George was a bit more practical about his life. He finally proposed to Pattie Boyd on Christmas day of 1965, while driving to a holiday dinner in London. They were married on January 21, 1966, with Paul McCartney in attendance. This was a very happy time for George, the happiest he would know for some years. He was in love and still not too oppressed by John and Paul. He and Pattie were a much-admired young couple. Pattie turned out to be one of the most delightful young women in London. Under her glamorous, high-fashion veneer, she was a warm, caring girl with good sense and good taste. Her modeling career skyrocketed because of her marriage to George, but she turned down almost all work so she could be with him. She occupied her time decorating the bungalow he had bought for her in the country. The house was done in a low-key, eclectic style that was very much a reflection of the handsome newlyweds who lived in it. For all the money John and Ringo spent on their homes, George and Pattie’s was perhaps the most admired of all.
chapter Eleven
What will I do if they stop touring?
What will be left for me?
-Brian Epstein
1
In terms of clout,
the Beatles practically owned EMI’s Abbey Road studios. In just the last two years they had recorded at Abbey Road nineteen gold records, of which eighteen had been number one on most major record charts. When the Beatles said they wanted to record, it was like the sound of some distant giant cash register ringing for EMI, and the studios were cleared for them. Every whim of theirs was catered to, like the royalty they had become, and when Ringo complained of the roughness of the toilet paper in the EMI john, it made headlines in several daily papers.
21
The Beatles spent most of that winter and spring in the Abbey Road studios, producing their two most important albums to date,
Rubber Soul
and
Revolver.
These two albums were the first of the minor masterpieces the group would produce. Beatleologist Nicholas Schaffner describes this point in their musical progress as the moment in the movie
The Wizard of Oz
when everything goes from black-and-white to color. Here the simplistic love songs begin to wane, replaced with a dazzling spectrum of subjects and curios, from the banal to the ephemeral. The very sound of the music was strikingly different: richer, more melodious, haunting.
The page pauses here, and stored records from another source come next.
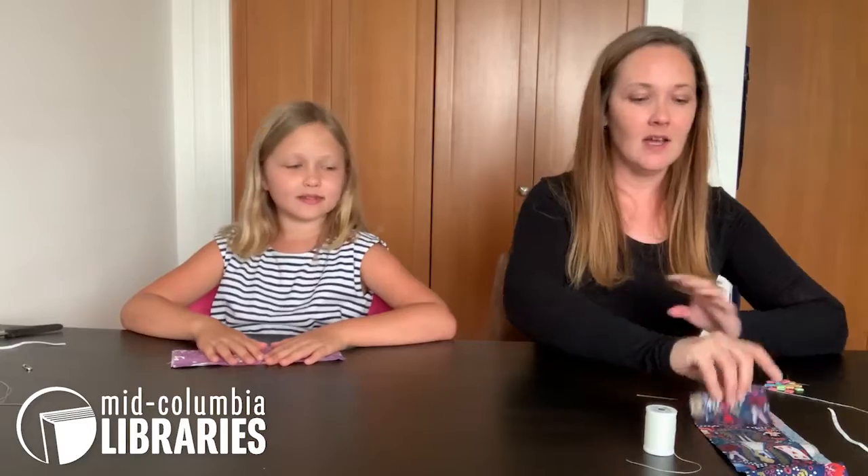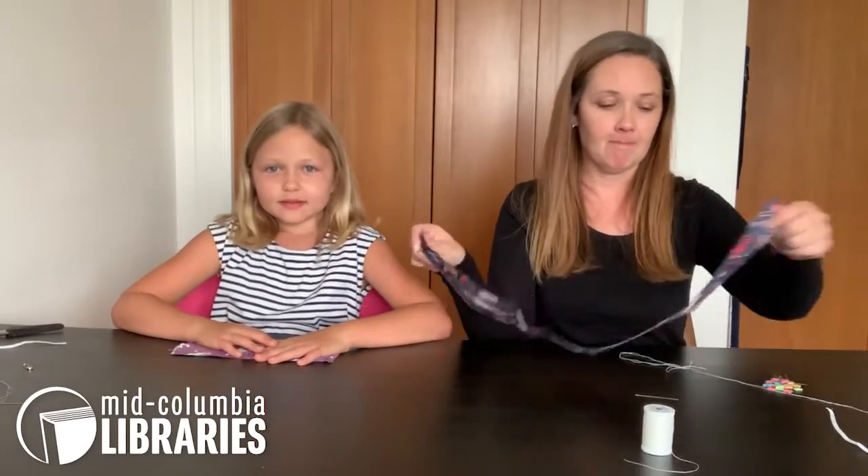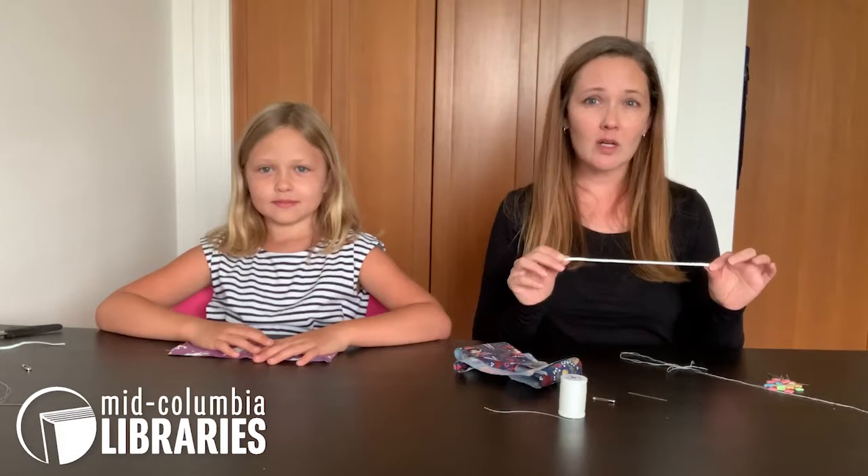Today we're going to be making scrunchies. To do this activity, you're going to need one piece of fabric that you've cut to be three and a half inches by 22 inches. You're going to need a needle, some thread, a safety pin, a piece of elastic that's about a quarter of an inch — this one I've cut to be nine inches long. You're going to need some scissors, and also some straight pins to hold the fabric together.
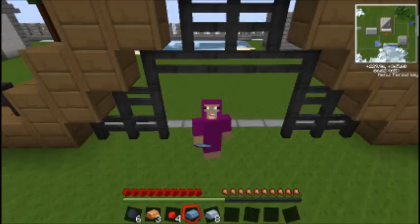Hi guys, it's me again and I'm back with another tutorial. This time we're going to be making an electric furnace.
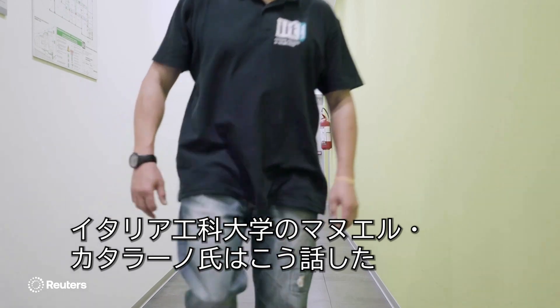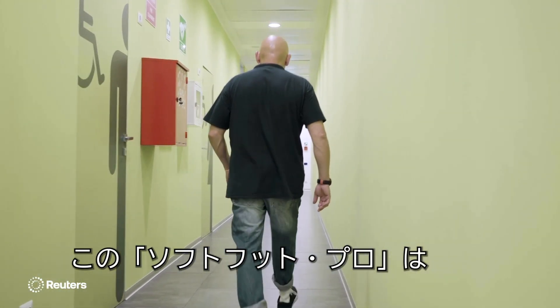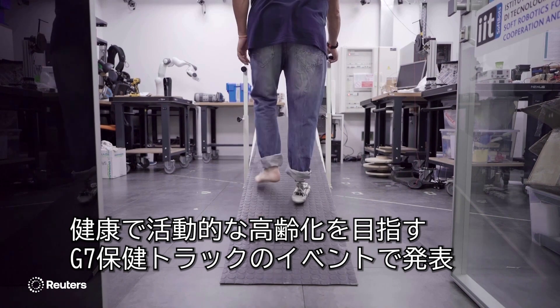That's Manuel Catalano, a researcher at the Italian Institute of Technology. They recently unveiled a prototype, better known as the SoftFoot Pro, at the G7 HealthTrax technical event, which focused on innovations for healthy and active aging.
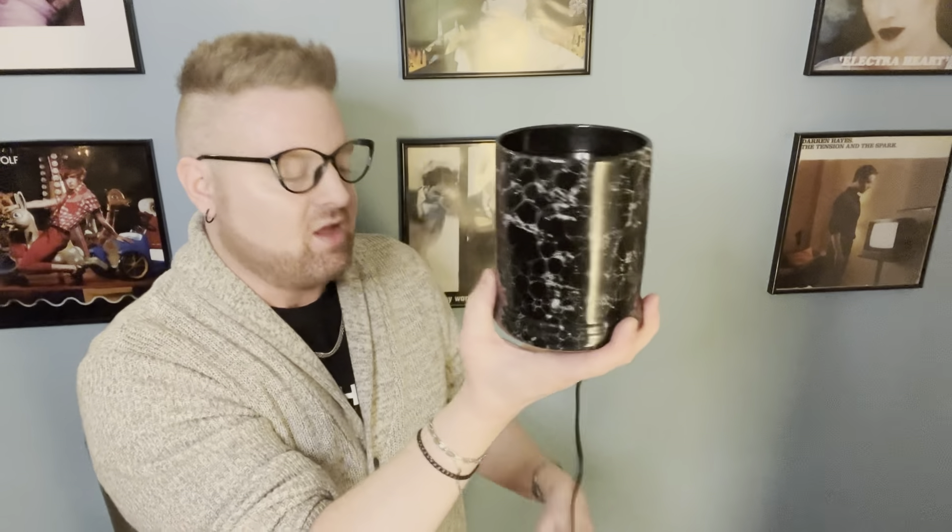Hello candle lovers, thank you so much for joining me today. My name is Greg and this is All About Candles, and welcome to this month's episode of Burning Questions. You've all been sending me your questions at allaboutcandles at gmail.com. Today I am here to answer them. Let's just get right into it.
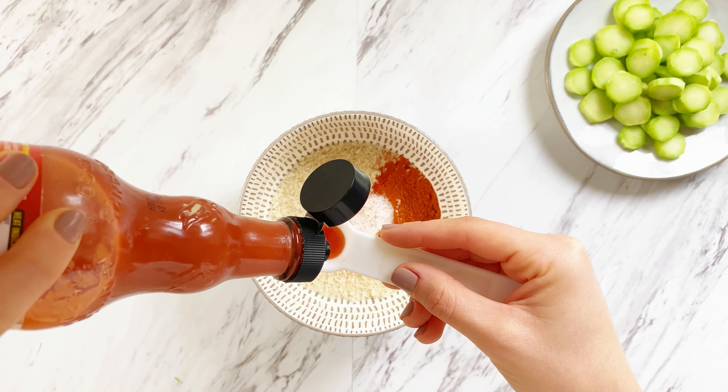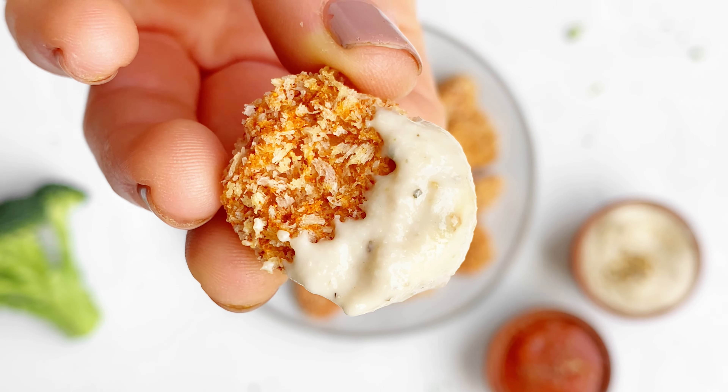Stir this up until it's smooth and there are no clumps. Coat the broccoli stems in the wet mixture, followed by the dry mixture. Transfer to an air fryer and cook for 15 minutes at 375°F. Dip them in something delicious and enjoy.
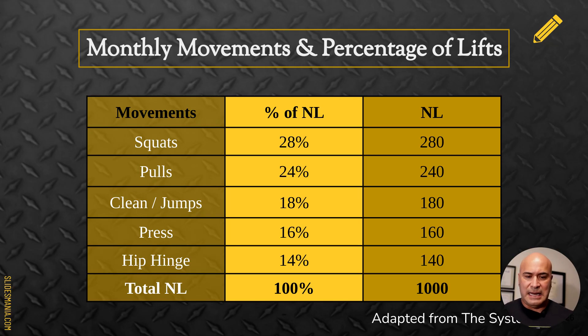Using 1,000 reps as an example, you might wonder why hip hinge is so low. In our program we do a lot of hamstring work — hamstring slides, banded good mornings — and a lot of jumping: weighted jumps and cleans, which all involve hinging at the hips. So while it may look like only 14% hip hinge, we're actually doing much more. Some of it falls into accessory work that we don't count toward our volume totals.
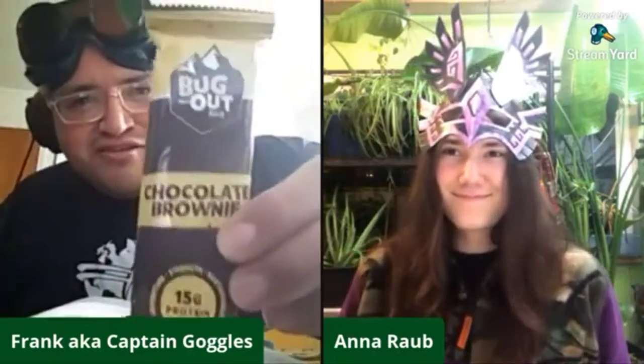It's fun stuff. I was thinking about just doing this chocolate brownie Bug Out Bar — it's actually made with cricket powder. These are actually pretty cool energy bars; I had one right before the stream. You could give a shout out to Bug Out Bar and try to see if you can get a subscriber. I actually do like their stuff, so big shout out to Bug Out Bar.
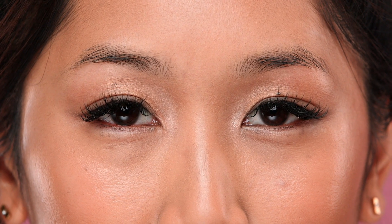You heard it here first, girlfriend — three simple ways to transform thin and skimpy brows into full-figured brow beauties.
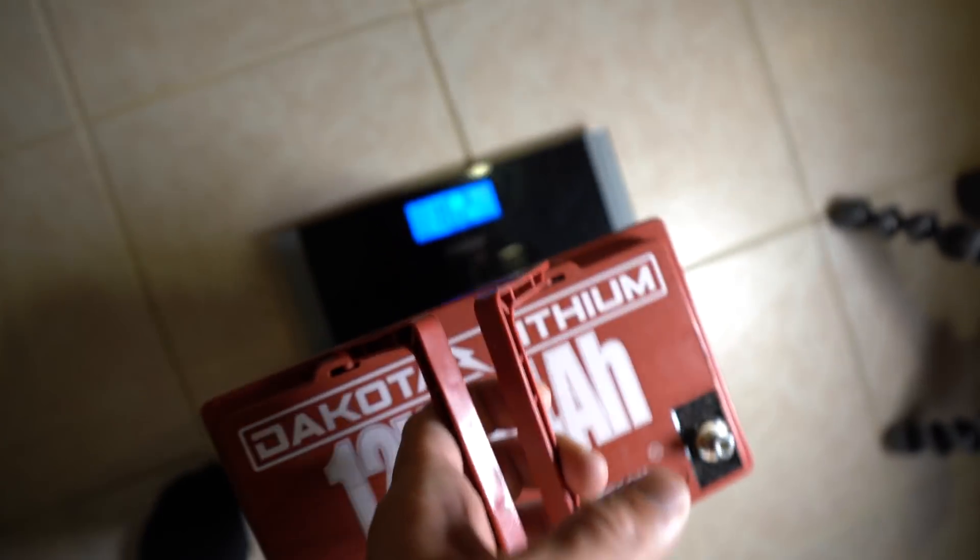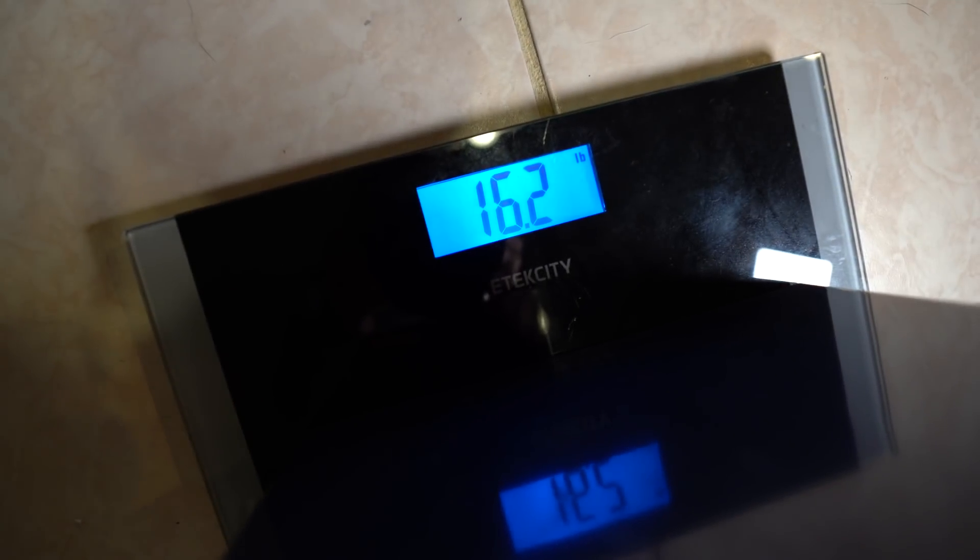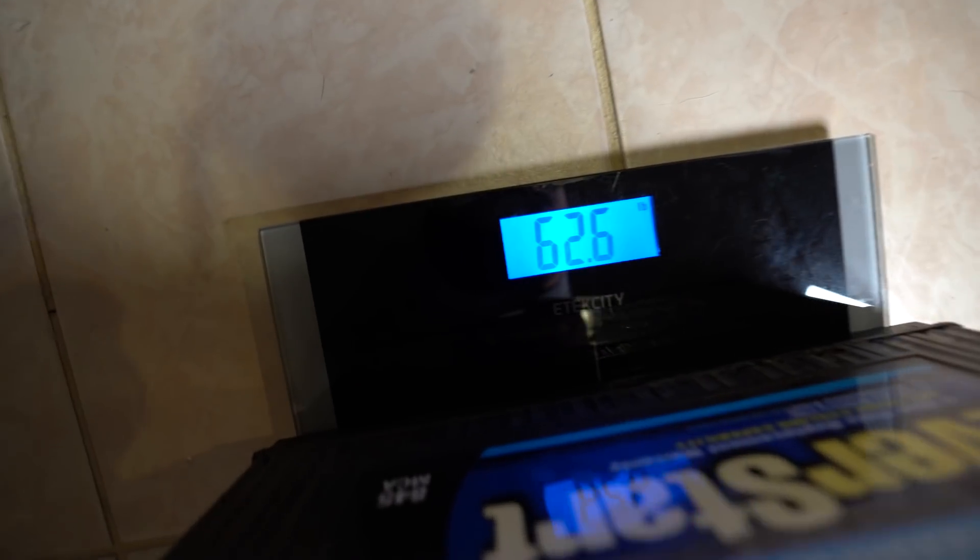To power my Motor Guide — it's an 80-pound thrust, 24-volt system — I haven't even experienced any power loss. The lead acid batteries were 62.6 pounds each, and I needed two because I have a 24-volt trolling motor, so that's 125.2 pounds total. When I switched to the lithiums, they're only 16.2 pounds each, coming out to 32.4 pounds total — meaning I shaved 92.8 pounds out of the jon boat.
Now, instead of producing an album that was just a disconnected hodgepodge of hit songs (which could be blithely juggled by Capitol Records in America from album to album),
22
the albums had a sense of collective identity, a mood and a sound linking them.
Yet at the time
Rubber Soul
was something of a critical disappointment. Although it was in the top ten on the album charts for over seven months—four of them in the number-one position—it was a puzzlement to all the confused kids expecting to hear more juvenile “yeah, yeah, yeah” songs. It was the best of the many challenges the Beatles posed to their fans: to keep up. Little could the fans have known that this new musical approach was directly attributable to the Beatles’ now habitual use of marijuana. It was in John’s songs, seemingly filtered through a haze of marijuana smoke, that the change was most obvious. It was the elegiac “Norwegian Wood” that first made us stop what we were doing to listen to the music. It was on this album that his introspection came to full bloom. “In My Life” was John’s first certifiable piece of genius, an autobiographical voyage. This small deceptively simple song is as superb in its economy as it is in the poignant images it conjures up. John sang it in his sweetest, most hypnotic voice. “There are places I’ll remember all my life, though some have changed./Some forever, not for better;/Some have gone and some remain./All these places had their moments/with lovers and friends I still can recall./Some are dead and some are living,/In my life I’ve loved them all.”